Depuis la création de Social Declik, il y a un an et demi, on a pu discuter avec énormément de freelances ! Il y a notre ressenti après tous ces échanges, il y a les échos et les clichés que l’on entend sur les freelances mais il y a aussi les chiffres !

Et on peut vous dire que le freelancing n’est pas un effet de mode ! Mais bel et bien, un statut qui sera partie intégrante du “Futur Of Work”.

BCG et Malt ont sorti leur dernière étude sur le freelancing en Europe et pour l’occasion ils ont organisé un webinar pour parler du Freelancing in Europe 2022

Alors, quelle est l’évolution du freelancing ? Quelles sont les raisons pour se mettre en freelances ? Est-ce que les freelances sont satisfaits de leur statut ?

Retour sur ce webinar qui présentait 3 stereotypes que l’on a sur les freelances. Dans cet article, on se concentre sur les tendances en France.

Stereotype 1 : Les freelances sont uniquement des personnes de la tech

Il est vrai qu’au début, c’était surtout des profils tech et designers qui s’établissaient en tant qu’indépendant / Freelance. La raison ? Ces profils travaillaient habituellement dans des agences ou des Entreprises de Services du Numérique (ESN).

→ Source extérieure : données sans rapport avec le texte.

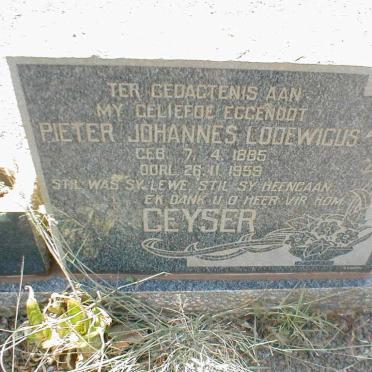 GEYSER Pieter Johannes Lodewicus 1885-1959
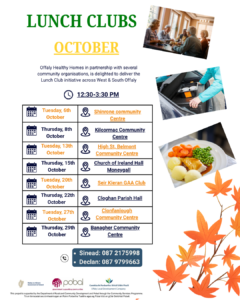 This is a poster of the Lunch Clubs that's happening in October for 2026 around Offaly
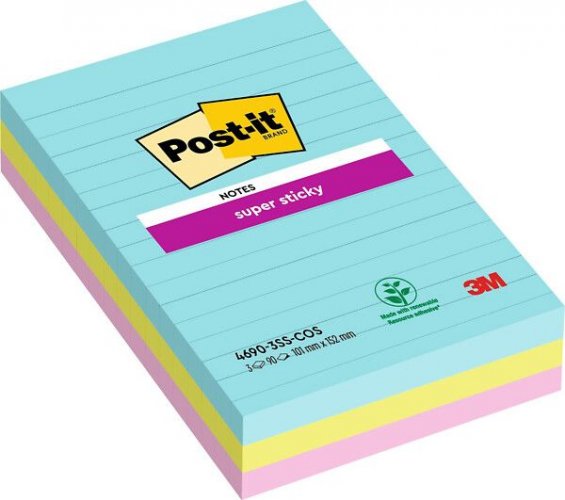 Muistilappu Post-it Cosmic 101x152mm viivat 3x90kpl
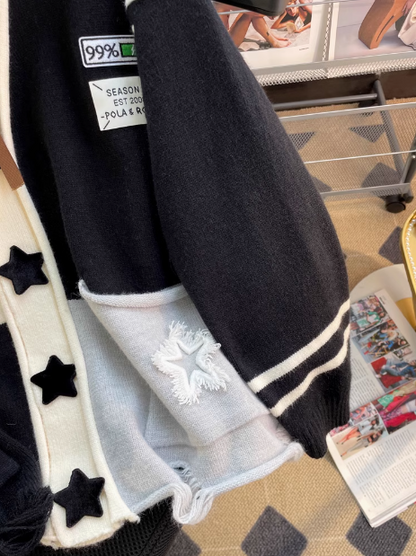 Niche patchwork loose knitted cardigan ED0300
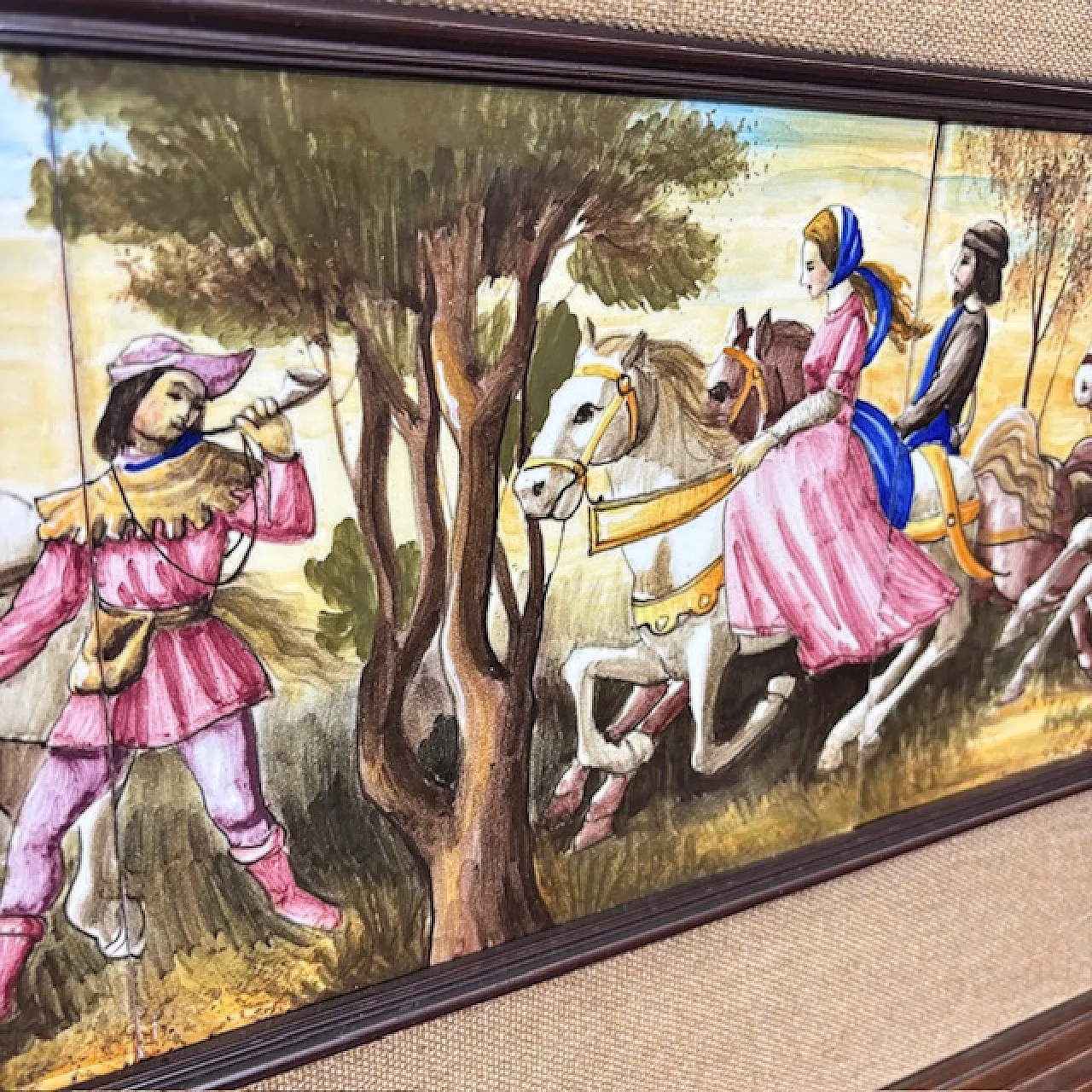 Pannello in maiolica cavalieri Franceschini Pesaro ZG, anni '50 3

Ils ont donc déjà l’habitude de travailler sur différents projets pour différents clients. La transition vers le freelancing se fait donc naturellement et la gestion des différentes missions n’est pas une difficulté pour eux.

Mais on voit que 2020 et 2021 a marqué un tournant ! De plus en plus de métiers de gestion dit “support” comme les Ressources Humaines, la finance, les achats, le juridique voit le jour en tant que freelance.

D’après les études de Malt, on observe une croissance de 40% d’inscrits entre 2020 et 2021 et cette croissance est de 63% sur des postes des fonctions Support.

Aujourd’hui, la tech représente toujours une majeure partie des freelances et cette part continue de croître notamment avec l’accélération de la digitalisation des entreprises pour faire face au covid.

Stereotype 2 - Les freelances ne travaillent que pour des startups.

Sur la plateforme Malt, seulement 14% des freelances travaillent pour des grandes entreprises. Le reste pour des petites et moyennes entreprises.

Encore une fois, on voit un changement de fond.

Les grandes structurent réalisent depuis peu le potentiel des freelances et se tournent de plus en plus vers le freelancing. On vous explique pourquoi.

Première raison, un freelance c’est avant tout un entrepreneur. Il apporte son expertise mais aussi ses soft skills d’entrepreneur. En travaillant avec différents clients, il va être plus agile, plus à l’aise de challenger les statuts-co, il a moins peur de la hiérarchie et il se forme en continue.

La deuxième raison vient des individus. La tendance depuis plusieurs années, qui s’est fortement accéléré avec la crise du Covid 19, est le besoin de flexibilité. Selon Viviane, de BCG, quelques années auparavant, les critères pour trouver un emploi en salarié était le job, le salaire, la situation géographique. Mais depuis quelques mois, le critère de la flexibilité est de plus en plus présent.

Les talents ont envie de flexibilité et se lancent donc de plus en plus en freelances ! Les structures s’adaptent alors à cet essor.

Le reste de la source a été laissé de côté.